## Work item
Each line below needs to be returned exactly. Skip any picture.

## Recorded data
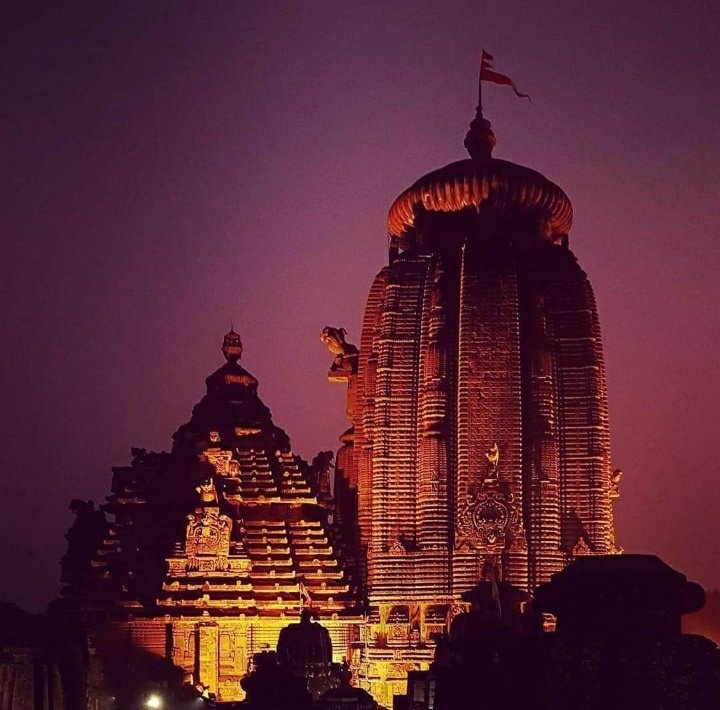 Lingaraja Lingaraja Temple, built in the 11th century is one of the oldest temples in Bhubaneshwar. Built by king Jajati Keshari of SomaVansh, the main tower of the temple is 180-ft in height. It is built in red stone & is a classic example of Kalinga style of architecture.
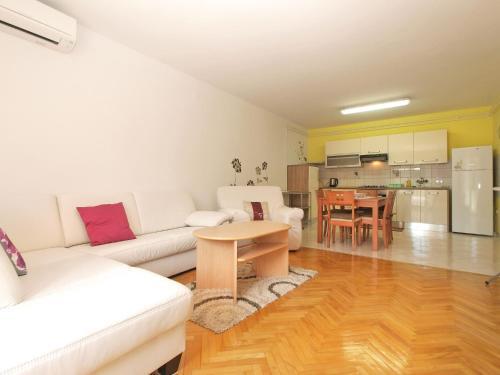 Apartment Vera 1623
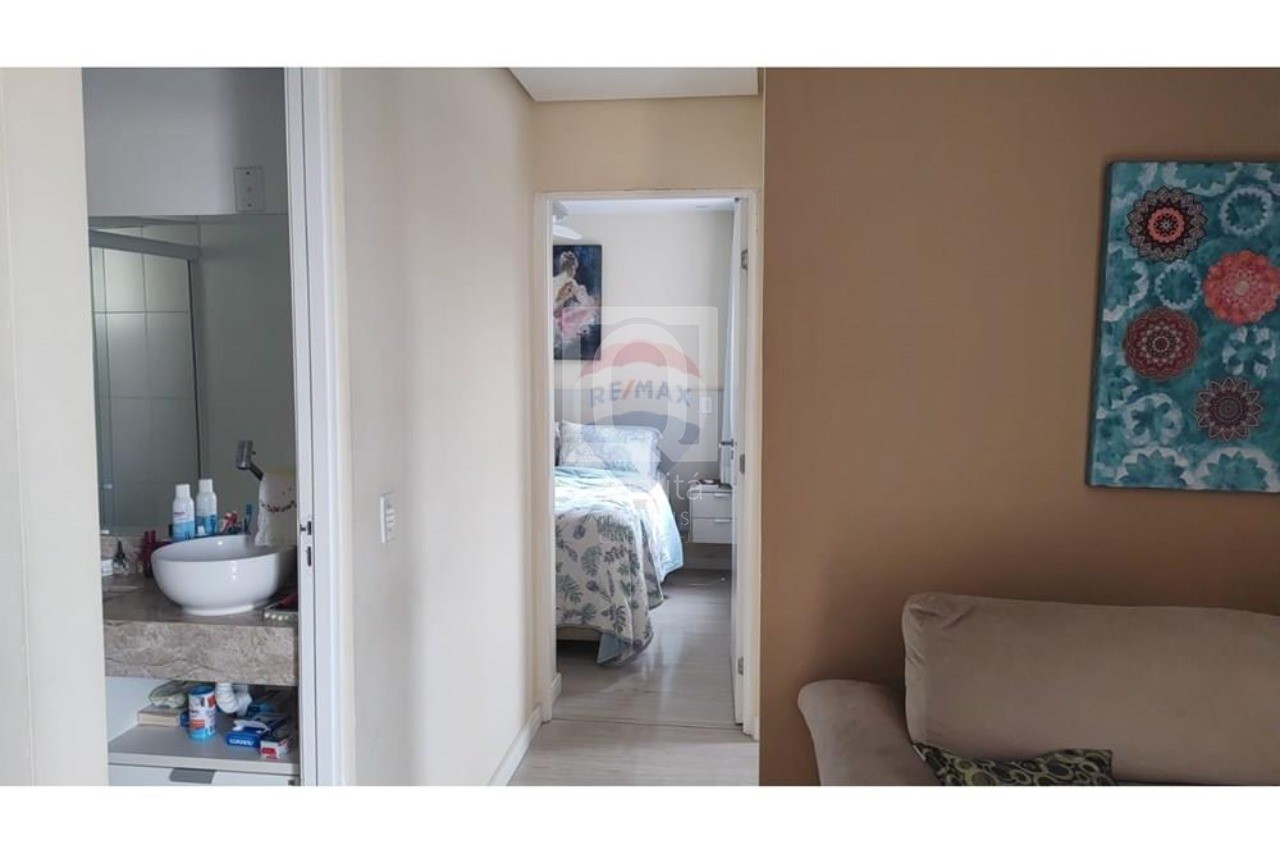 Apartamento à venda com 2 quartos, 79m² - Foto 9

## Completed task
 Lingaraja Lingaraja Temple, built in the 11th century is one of the oldest temples in Bhubaneshwar. Built by king Jajati Keshari of SomaVansh, the main tower of the temple is 180-ft in height. It is built in red stone & is a classic example of Kalinga style of architecture.
 Apartment Vera 1623
 Apartamento à venda com 2 quartos, 79m² - Foto 9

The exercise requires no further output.